[Image-caption web data]

★ ★ ★ ★

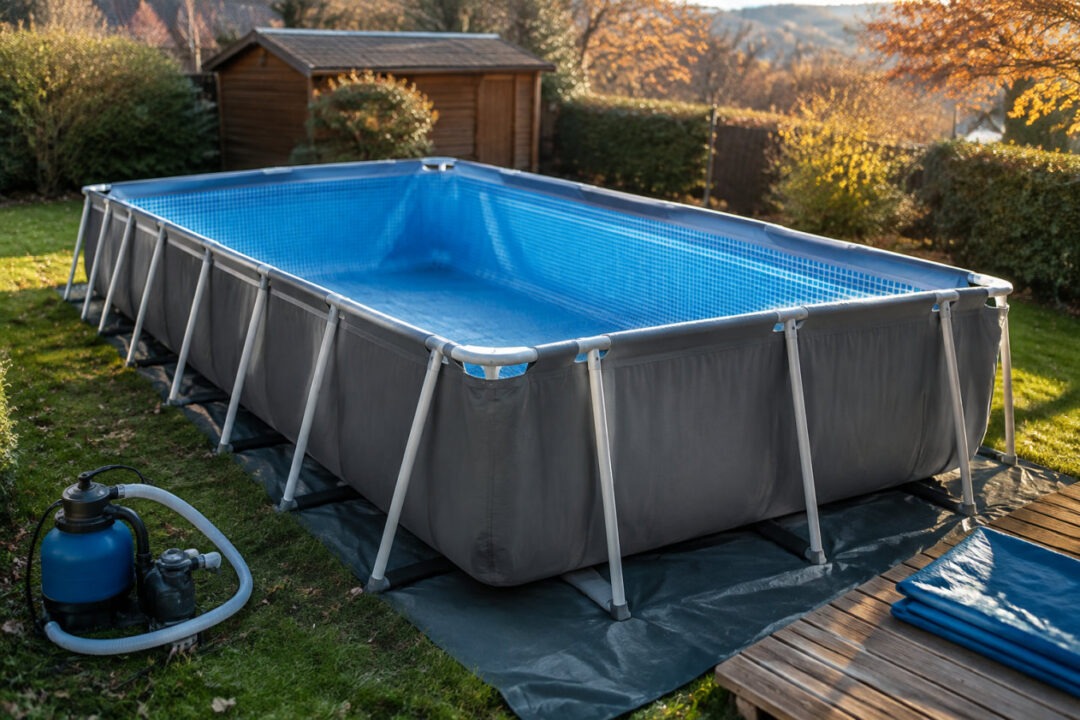 Hivernage piscine tubulaire avec bâche protectrice dans un jardin enneigé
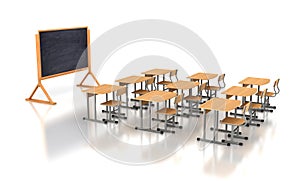 Empty classroom with wooden desks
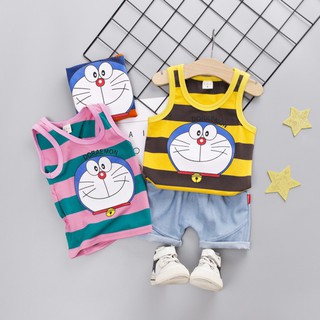 Perfecto verano bebé niños sin mangas rayas de dibujos animados impresión chaleco Tops+pantalones cortos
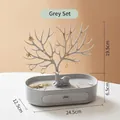 Gray deer antler jewelry tree organizer with drawer base for earrings and necklaces - Solid Color Set / Gray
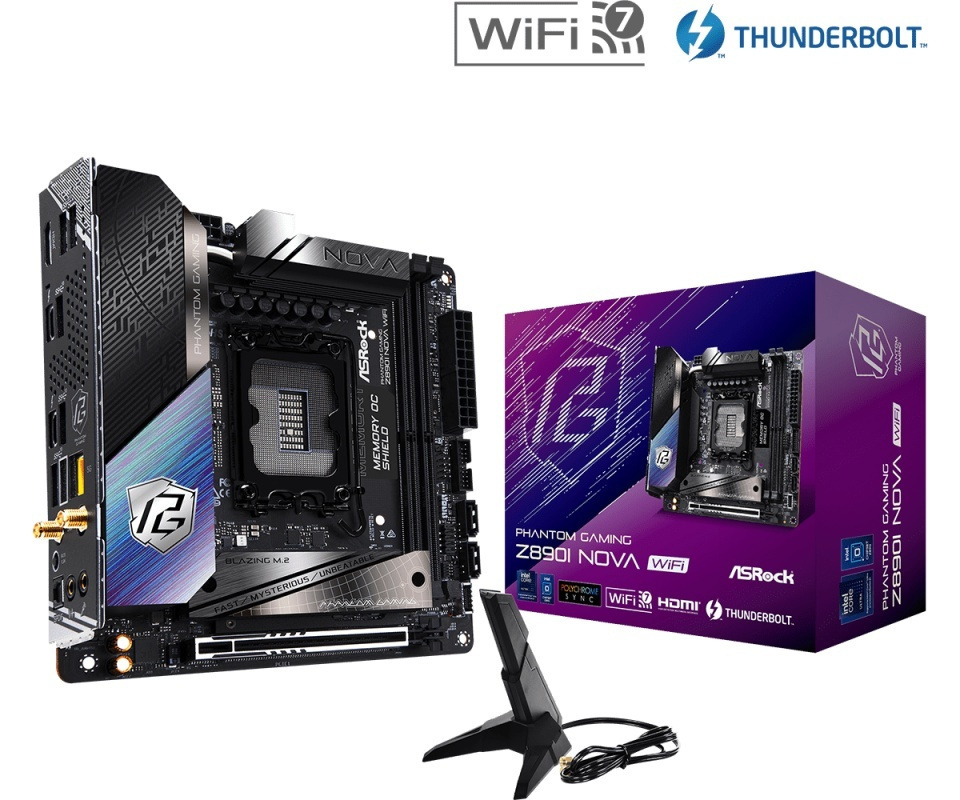 ASRock Phantom Gaming Z890I Nova WiFi Motherboard Mini ITX με Intel 1851 Socket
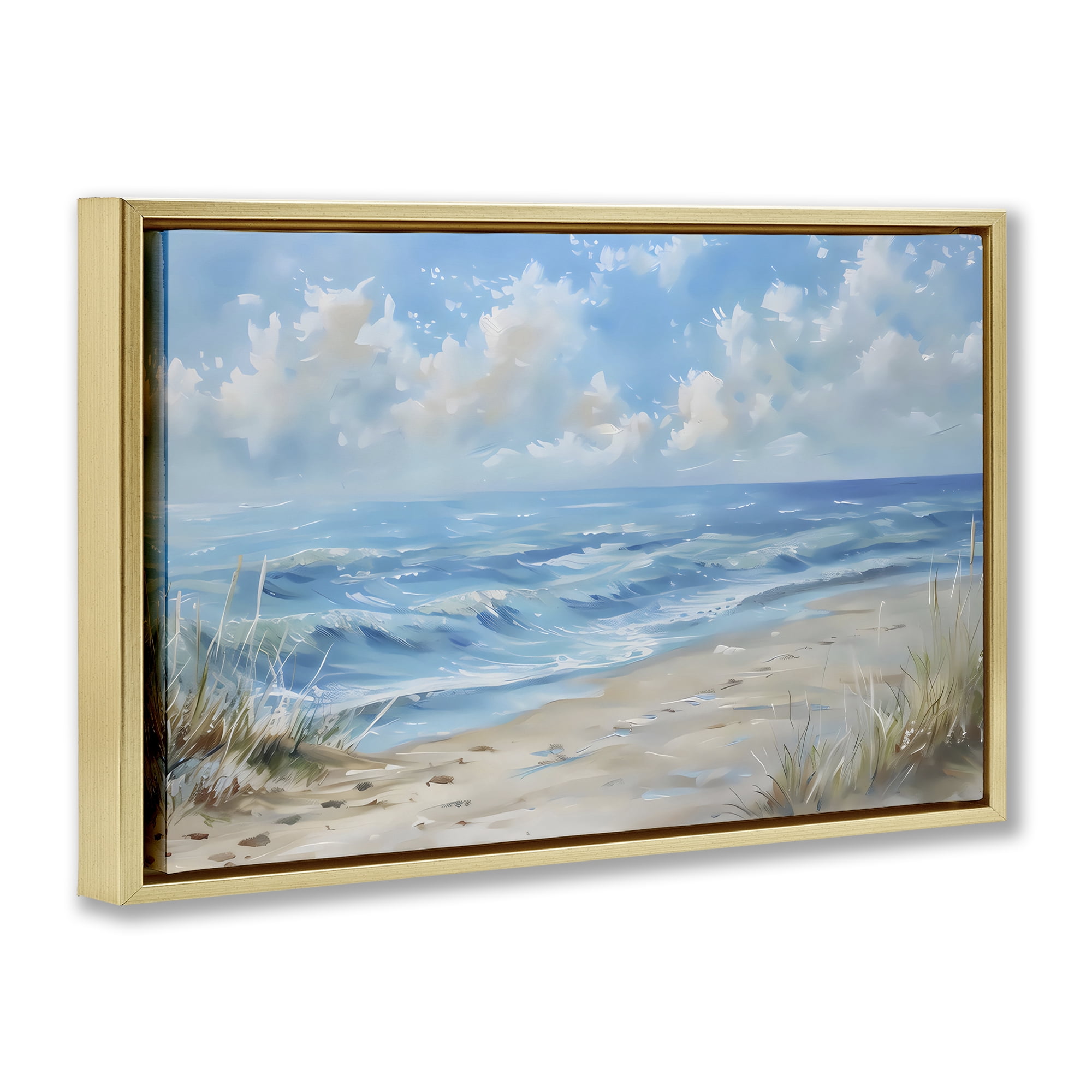 Stupell Industries Coastal Tranquility Horizon Gold Framed Floater Canvas Wall Art, design by Creative Studio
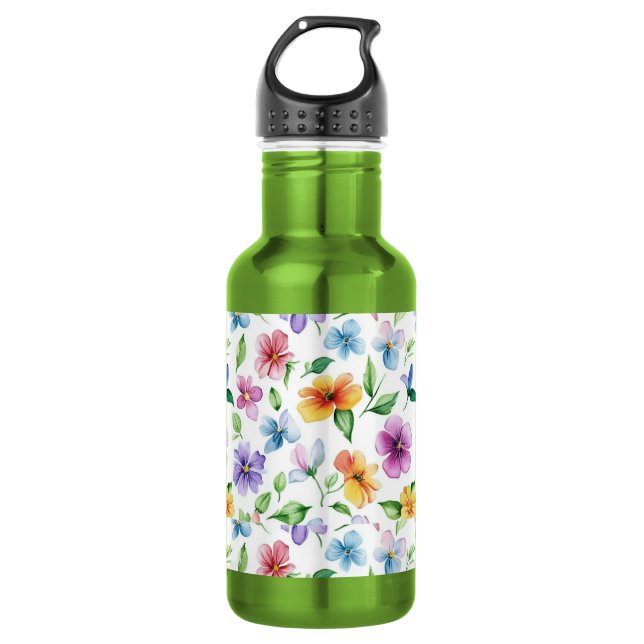 Bouteille D'eau Fleurs Motif Floral Sublimation-95652 (Devant)
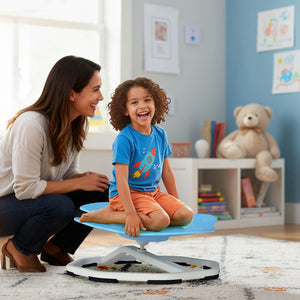 Kids Sensory Swivel Chair Elephant 360° Spinning Chair with Non-Slip Metal Base-Light Blue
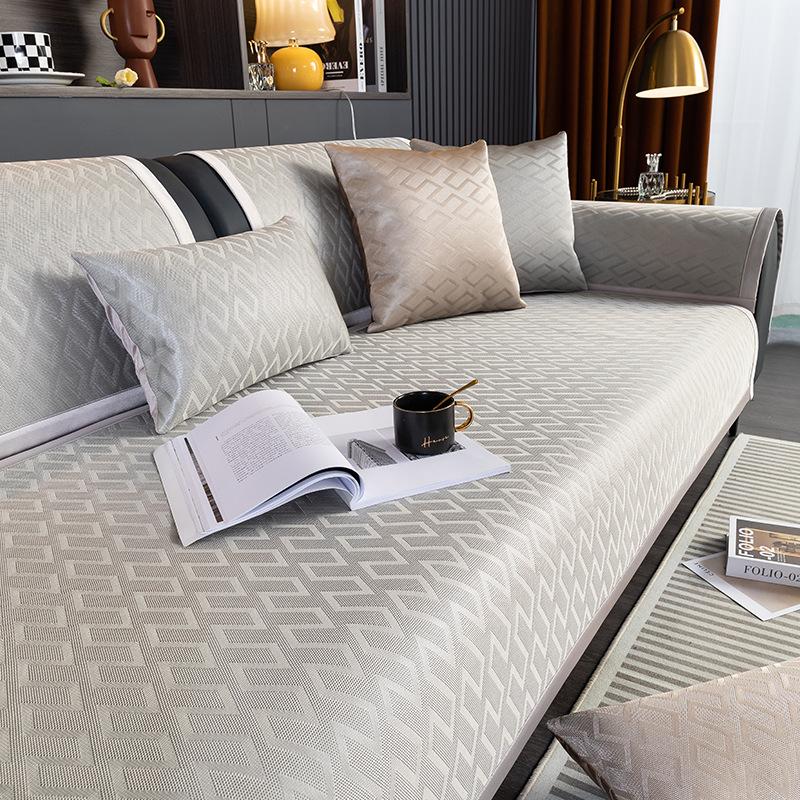Ice Silk Sofa Cushion, Summer Mat, Seat Cushion Non-Slip  New Summer Living Room Leather Sofa Cover Cover Cloth Towel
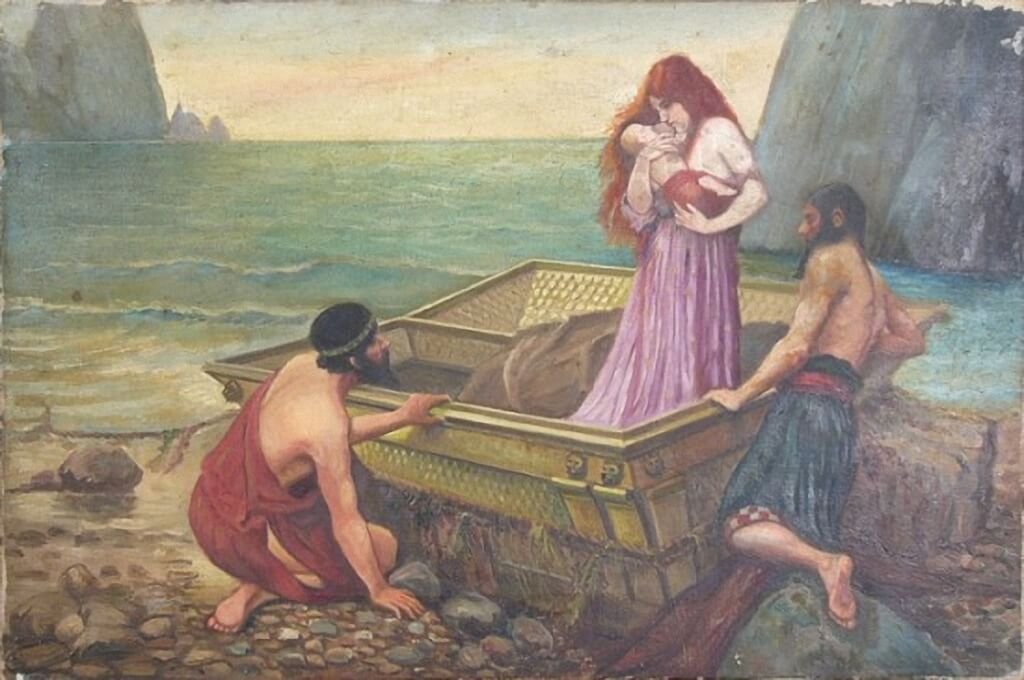 The painting represents Danaë holding little Perseus in her hands. The fisherman Dictys just had found her and opened the chess.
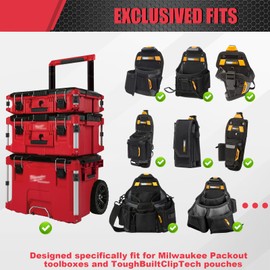 2 Pack Cliptech Holder Fit for ToughBuilt ClipTech Pouch,Packout Tool Pouch Holder Mounts Directly on the Toolbox,Corner Rail clips Including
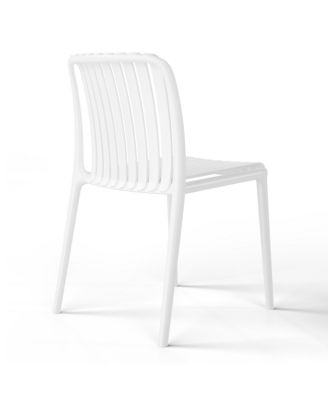 5-Piece Outdoor Metal Dining Table Set And Stackable Resin Patio Chairs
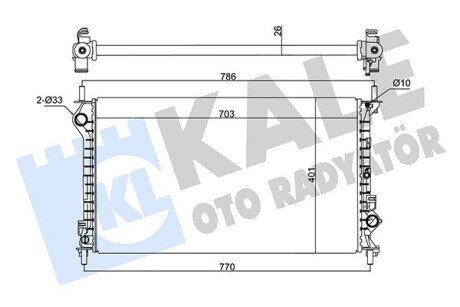 FORD Радіатор охолодження двиг. Transit Connect 1.8/1.8TDCi 02- Kale 124200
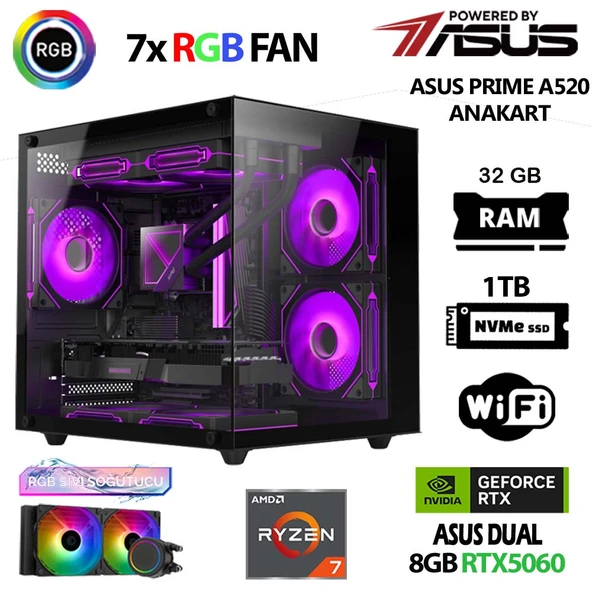 Prime x3 Ryzen 7 5700X 32GB Ram 1TB M.2 NVMe SSD 8GB RTX5060 Sıvı Soğutmalı Oyuncu Tavsiye Sistem ürün görseli 1
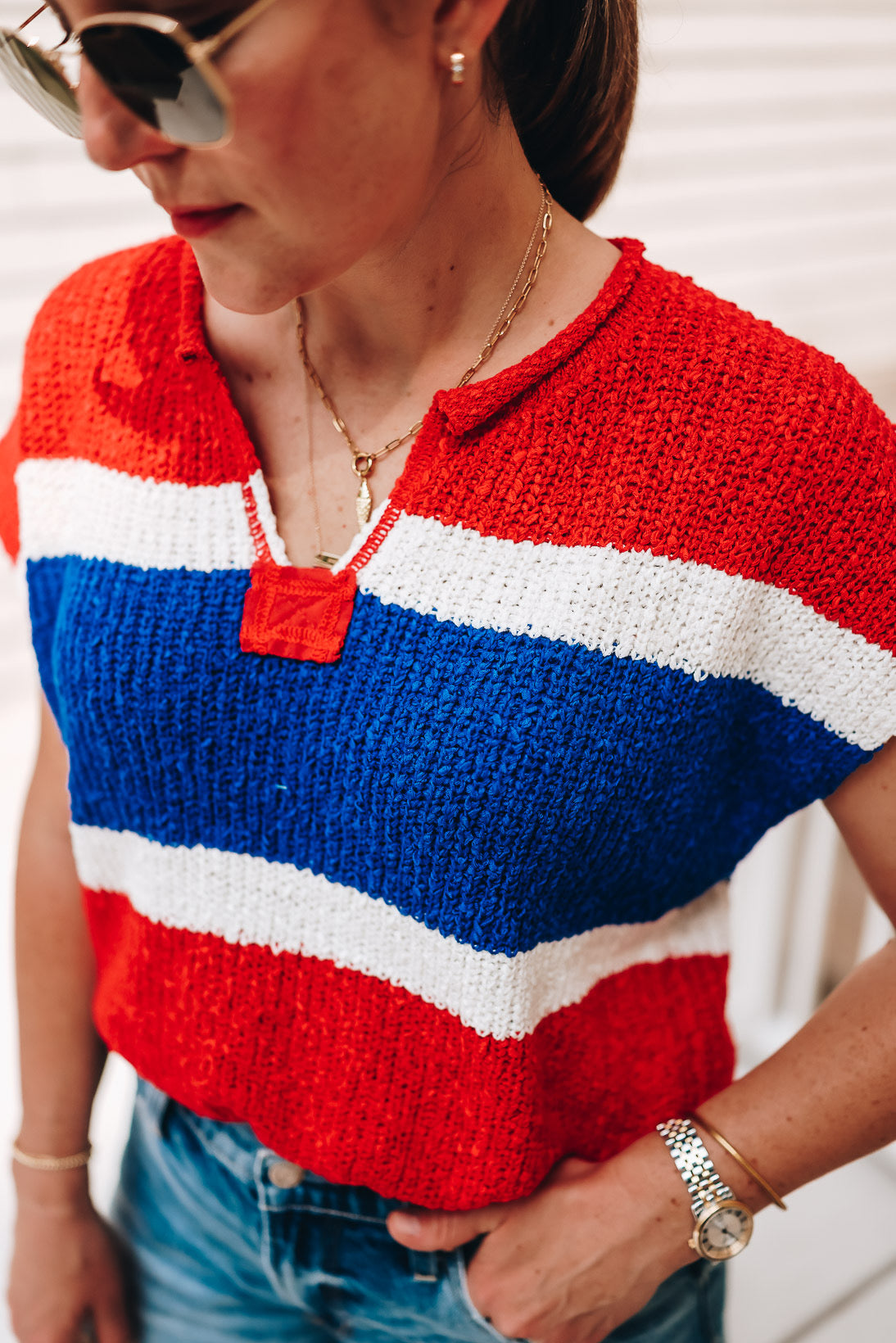 AMERICAN BLOCK SWEATER TOP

★ ★ ★ ★

* WORK TO COMPLETE
Output the entries above exactly as given, but strip out the pictures.

* EXERCISE RESPONSE
 Hivernage piscine tubulaire avec bâche protectrice dans un jardin enneigé
 Empty classroom with wooden desks
 Perfecto verano bebé niños sin mangas rayas de dibujos animados impresión chaleco Tops+pantalones cortos
 Gray deer antler jewelry tree organizer with drawer base for earrings and necklaces - Solid Color Set / Gray
 ASRock Phantom Gaming Z890I Nova WiFi Motherboard Mini ITX με Intel 1851 Socket
 Stupell Industries Coastal Tranquility Horizon Gold Framed Floater Canvas Wall Art, design by Creative Studio
 Bouteille D'eau Fleurs Motif Floral Sublimation-95652 (Devant)
 Kids Sensory Swivel Chair Elephant 360° Spinning Chair with Non-Slip Metal Base-Light Blue
Ice Silk Sofa Cushion, Summer Mat, Seat Cushion Non-Slip  New Summer Living Room Leather Sofa Cover Cover Cloth Towel
 The painting represents Danaë holding little Perseus in her hands. The fisherman Dictys just had found her and opened the chess.
 2 Pack Cliptech Holder Fit for ToughBuilt ClipTech Pouch,Packout Tool Pouch Holder Mounts Directly on the Toolbox,Corner Rail clips Including
 5-Piece Outdoor Metal Dining Table Set And Stackable Resin Patio Chairs
 FORD Радіатор охолодження двиг. Transit Connect 1.8/1.8TDCi 02- Kale 124200
 Prime x3 Ryzen 7 5700X 32GB Ram 1TB M.2 NVMe SSD 8GB RTX5060 Sıvı Soğutmalı Oyuncu Tavsiye Sistem ürün görseli 1
 AMERICAN BLOCK SWEATER TOP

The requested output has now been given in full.